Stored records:
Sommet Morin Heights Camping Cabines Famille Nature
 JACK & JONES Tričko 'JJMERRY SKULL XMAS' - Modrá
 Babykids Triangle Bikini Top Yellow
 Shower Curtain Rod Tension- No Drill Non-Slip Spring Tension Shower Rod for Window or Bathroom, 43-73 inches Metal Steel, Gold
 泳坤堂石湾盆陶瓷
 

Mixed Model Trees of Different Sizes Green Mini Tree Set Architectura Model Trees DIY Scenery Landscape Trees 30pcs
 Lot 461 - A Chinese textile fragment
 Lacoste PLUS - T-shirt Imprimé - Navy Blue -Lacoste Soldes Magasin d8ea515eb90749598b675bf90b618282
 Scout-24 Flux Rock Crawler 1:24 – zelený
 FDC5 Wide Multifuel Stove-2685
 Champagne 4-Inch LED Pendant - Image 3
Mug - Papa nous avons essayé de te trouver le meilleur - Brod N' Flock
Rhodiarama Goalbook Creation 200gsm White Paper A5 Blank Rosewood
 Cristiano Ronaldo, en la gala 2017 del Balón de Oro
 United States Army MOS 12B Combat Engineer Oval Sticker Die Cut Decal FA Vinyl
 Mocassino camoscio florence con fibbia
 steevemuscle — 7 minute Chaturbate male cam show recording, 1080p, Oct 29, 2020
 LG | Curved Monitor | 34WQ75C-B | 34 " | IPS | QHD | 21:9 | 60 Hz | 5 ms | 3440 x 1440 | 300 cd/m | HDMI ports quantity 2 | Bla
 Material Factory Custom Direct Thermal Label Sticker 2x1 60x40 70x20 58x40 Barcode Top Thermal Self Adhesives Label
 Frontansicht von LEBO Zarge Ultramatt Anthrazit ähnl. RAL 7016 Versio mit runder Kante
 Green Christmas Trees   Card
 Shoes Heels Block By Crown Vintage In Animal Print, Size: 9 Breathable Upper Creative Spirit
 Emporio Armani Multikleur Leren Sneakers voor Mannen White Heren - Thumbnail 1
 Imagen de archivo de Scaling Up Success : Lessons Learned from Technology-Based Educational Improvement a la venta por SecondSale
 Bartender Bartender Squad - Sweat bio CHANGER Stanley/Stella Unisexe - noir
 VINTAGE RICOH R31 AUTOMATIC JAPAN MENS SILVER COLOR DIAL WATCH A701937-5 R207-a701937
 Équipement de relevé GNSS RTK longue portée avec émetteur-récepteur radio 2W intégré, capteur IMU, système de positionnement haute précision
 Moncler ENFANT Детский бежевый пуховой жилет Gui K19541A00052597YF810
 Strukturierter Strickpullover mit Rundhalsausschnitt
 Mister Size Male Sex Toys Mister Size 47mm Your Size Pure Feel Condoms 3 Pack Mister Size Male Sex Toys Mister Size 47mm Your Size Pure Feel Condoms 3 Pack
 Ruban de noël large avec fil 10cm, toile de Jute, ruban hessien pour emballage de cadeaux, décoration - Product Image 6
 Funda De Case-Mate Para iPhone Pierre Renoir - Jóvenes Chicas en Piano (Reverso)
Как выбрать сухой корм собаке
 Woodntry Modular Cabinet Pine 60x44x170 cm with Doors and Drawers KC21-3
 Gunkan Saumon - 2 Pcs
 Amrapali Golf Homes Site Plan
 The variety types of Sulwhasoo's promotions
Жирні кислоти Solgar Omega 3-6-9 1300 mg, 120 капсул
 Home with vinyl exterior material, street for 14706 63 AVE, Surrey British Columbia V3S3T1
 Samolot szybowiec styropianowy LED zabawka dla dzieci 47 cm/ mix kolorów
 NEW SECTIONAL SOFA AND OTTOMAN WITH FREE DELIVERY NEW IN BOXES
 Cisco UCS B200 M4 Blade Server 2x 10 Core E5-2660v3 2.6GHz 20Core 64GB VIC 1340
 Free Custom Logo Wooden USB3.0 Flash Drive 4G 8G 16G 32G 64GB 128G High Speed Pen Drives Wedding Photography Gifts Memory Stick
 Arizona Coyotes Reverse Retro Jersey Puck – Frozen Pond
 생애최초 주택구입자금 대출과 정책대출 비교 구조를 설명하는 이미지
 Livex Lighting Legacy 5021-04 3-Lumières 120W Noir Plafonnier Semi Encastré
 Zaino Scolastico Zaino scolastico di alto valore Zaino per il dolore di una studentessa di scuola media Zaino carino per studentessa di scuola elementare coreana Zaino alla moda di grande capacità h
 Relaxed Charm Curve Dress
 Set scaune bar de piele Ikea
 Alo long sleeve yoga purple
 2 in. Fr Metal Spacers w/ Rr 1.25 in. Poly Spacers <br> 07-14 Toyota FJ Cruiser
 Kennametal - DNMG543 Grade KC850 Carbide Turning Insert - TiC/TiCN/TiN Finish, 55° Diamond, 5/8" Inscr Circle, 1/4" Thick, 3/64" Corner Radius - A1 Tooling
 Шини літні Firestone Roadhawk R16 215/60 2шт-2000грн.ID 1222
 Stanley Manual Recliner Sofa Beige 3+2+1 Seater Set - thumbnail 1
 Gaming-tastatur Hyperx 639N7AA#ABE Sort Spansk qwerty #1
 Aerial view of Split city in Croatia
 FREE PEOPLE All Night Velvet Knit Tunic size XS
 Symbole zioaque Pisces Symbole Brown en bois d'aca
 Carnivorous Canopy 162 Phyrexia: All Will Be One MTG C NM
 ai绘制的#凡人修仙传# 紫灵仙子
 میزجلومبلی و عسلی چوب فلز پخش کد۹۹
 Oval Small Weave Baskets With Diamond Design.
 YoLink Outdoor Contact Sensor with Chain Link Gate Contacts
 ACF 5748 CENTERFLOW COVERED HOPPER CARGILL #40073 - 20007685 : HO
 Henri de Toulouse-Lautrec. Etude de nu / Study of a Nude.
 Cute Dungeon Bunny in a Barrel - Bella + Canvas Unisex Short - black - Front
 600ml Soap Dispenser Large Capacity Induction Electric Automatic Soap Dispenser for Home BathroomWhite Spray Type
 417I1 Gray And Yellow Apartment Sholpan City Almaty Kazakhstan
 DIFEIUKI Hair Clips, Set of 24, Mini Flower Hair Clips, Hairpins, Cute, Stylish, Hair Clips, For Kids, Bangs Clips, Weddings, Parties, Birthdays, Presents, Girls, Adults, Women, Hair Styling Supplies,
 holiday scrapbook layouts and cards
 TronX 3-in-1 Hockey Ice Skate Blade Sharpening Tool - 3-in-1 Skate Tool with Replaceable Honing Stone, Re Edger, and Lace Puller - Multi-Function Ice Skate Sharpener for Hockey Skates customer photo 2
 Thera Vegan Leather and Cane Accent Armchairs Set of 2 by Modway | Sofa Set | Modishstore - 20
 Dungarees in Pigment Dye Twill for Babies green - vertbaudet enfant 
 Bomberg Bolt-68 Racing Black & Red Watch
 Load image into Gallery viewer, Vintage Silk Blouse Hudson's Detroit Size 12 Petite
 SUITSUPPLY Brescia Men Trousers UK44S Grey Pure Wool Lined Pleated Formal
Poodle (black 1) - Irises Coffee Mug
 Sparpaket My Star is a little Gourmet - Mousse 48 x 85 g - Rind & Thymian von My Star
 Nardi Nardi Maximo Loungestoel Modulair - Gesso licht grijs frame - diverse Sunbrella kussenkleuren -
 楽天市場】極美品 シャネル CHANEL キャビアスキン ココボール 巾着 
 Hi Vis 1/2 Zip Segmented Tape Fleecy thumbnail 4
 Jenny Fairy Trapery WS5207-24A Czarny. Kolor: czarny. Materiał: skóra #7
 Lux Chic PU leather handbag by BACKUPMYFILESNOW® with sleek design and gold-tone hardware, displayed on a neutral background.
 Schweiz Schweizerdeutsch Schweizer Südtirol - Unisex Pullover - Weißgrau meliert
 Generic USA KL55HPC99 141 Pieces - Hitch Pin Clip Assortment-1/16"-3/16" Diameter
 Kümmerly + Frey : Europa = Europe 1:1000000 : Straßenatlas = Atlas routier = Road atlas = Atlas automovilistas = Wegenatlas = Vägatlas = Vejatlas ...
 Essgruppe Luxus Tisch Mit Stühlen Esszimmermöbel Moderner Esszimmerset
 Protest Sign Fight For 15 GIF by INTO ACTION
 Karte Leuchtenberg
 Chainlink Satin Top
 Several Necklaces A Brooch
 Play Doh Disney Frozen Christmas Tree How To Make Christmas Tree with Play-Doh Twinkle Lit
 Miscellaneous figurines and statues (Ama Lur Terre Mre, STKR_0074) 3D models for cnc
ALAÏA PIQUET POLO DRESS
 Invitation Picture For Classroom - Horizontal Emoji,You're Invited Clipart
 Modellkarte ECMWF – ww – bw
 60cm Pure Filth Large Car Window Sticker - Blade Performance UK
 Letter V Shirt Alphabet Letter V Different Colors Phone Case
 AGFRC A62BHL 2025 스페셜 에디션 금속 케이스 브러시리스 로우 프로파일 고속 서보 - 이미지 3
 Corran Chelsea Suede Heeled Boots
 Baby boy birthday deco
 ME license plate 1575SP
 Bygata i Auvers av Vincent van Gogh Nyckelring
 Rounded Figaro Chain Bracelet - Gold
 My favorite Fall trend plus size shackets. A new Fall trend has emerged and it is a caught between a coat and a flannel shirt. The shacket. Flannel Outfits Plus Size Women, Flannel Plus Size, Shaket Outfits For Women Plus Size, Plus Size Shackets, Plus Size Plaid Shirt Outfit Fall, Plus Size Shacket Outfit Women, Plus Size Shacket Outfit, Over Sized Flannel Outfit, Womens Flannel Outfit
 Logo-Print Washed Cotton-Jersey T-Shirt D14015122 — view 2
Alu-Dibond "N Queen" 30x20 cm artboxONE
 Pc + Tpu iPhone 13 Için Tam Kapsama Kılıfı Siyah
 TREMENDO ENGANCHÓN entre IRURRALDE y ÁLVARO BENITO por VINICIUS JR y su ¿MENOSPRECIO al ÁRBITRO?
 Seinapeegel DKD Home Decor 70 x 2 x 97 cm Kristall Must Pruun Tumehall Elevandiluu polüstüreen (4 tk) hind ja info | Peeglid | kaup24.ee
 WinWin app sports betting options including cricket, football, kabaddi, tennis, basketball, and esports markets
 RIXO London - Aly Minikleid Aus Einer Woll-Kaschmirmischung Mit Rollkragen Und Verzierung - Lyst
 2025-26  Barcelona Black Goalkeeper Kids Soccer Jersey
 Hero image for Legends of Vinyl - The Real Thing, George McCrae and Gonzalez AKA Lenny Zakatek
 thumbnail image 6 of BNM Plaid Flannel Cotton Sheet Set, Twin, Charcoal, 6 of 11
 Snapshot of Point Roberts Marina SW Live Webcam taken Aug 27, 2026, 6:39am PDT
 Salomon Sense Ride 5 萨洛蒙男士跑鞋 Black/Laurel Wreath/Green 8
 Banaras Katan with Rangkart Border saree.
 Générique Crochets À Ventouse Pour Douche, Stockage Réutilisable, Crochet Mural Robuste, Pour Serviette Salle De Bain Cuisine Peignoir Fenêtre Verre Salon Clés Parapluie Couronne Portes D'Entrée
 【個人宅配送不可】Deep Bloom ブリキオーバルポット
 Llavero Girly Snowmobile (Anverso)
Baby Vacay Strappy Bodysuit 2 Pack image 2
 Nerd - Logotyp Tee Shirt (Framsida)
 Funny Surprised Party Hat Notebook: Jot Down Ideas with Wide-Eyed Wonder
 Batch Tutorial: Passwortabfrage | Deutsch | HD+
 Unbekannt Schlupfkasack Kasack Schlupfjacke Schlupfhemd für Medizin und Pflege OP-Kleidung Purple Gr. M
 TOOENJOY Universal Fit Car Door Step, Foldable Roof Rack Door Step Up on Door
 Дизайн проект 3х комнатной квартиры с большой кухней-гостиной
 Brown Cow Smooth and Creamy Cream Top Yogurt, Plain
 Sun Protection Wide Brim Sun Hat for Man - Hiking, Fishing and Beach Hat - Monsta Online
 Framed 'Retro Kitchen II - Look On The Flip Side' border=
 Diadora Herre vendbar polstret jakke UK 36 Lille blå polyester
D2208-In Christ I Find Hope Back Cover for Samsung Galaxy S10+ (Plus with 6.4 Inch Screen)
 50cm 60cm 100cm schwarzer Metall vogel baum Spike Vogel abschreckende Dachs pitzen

#### EXERCISE DIRECTIONS:
For the string "Pure", filter the data and copy out each line where it occurs.

#### REPLY:
 Mister Size Male Sex Toys Mister Size 47mm Your Size Pure Feel Condoms 3 Pack Mister Size Male Sex Toys Mister Size 47mm Your Size Pure Feel Condoms 3 Pack
 SUITSUPPLY Brescia Men Trousers UK44S Grey Pure Wool Lined Pleated Formal
 60cm Pure Filth Large Car Window Sticker - Blade Performance UK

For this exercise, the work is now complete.